When the Cathedral of Notre Dame in Parish caught fire Monday, most predicted the worst. It seemed unlikely the structure could survive, or that some of the treasures inside might be saved.

Indeed, a full two-thirds of the cathedral’s roof was destroyed in the blaze, as was the famous spire. But despite the images of devastation, the cathedral’s main structure has been saved, along with many of its most priceless contents.

Even as firefighters worked to extinguish the last of the flames early Tuesday morning, there was already a massive commitment of resources dedicated to the rebuilding of one of the world’s most recognizable churches.

Before the fire was out, French president Emmanual Macron committed himself and the nation to rebuilding Notre-Dame, and he announced a fundraising effort to ensure its success. In response, by Tuesday afternoon more than 700 million euros had been pledged to the project.

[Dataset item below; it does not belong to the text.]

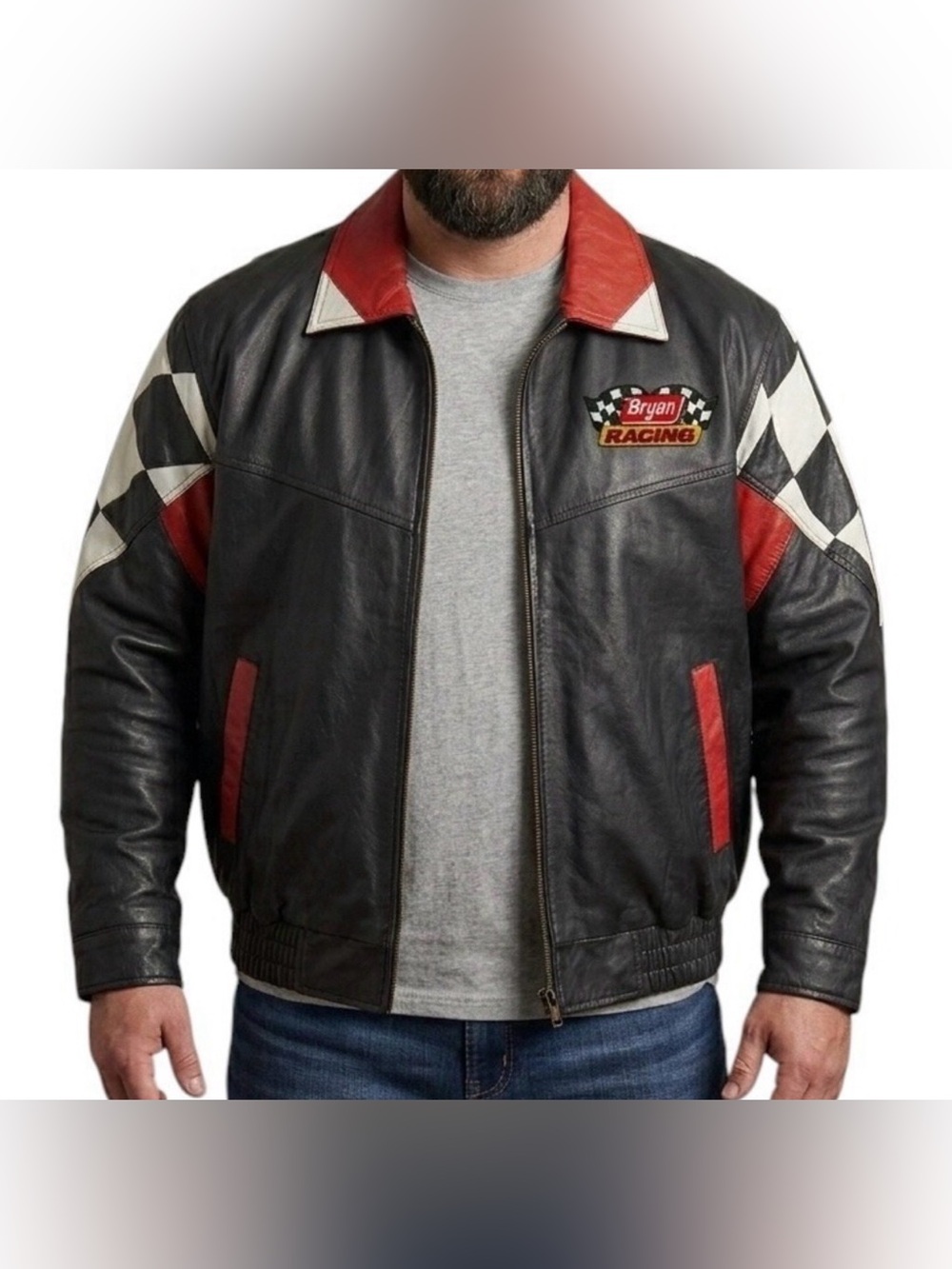 BRYAN RACING Leather Jacket sz XL Burk's Bay Black Checker Red Trim Motorsports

Bernard Arnault, CEO of luxury fashion company LVMH and the third richest man in the world, has pledged 300 million euros in support, with other major figures in business and finance making similar commitments.

President Macron has said that he hopes that work can begin as soon as possible, offering the possibility of some kind of reopening in as soon as five years. While talk of a reopening appeared unthinkable to many just hours ago, Paris firefighters are now confident that the main cathedral structure has been saved, and the stonework remains sound.

While the images of the exterior suggested nearly total devastation, inside the cathedral’s vaulted stone ceiling mostly held, and protected many of the cathedral's religious and historical treasures from the flames.

Notre-Dame de Paris is home to several irreplaceable relics, most notably the crown of thorns, a piece of the true cross, and one of the nails used in the crucifixion. There are also many relics of French saints.

While a final inventory of what survived the fire may take weeks to compile, much good news has already been announced.

Relics and art were saved

Despite the speed with which the fire appeared to spread across the cathedral, a standing emergency plan was in place to save the most important relics and artwork in case of a disaster, and it appears as though that plan was largely executed effectively.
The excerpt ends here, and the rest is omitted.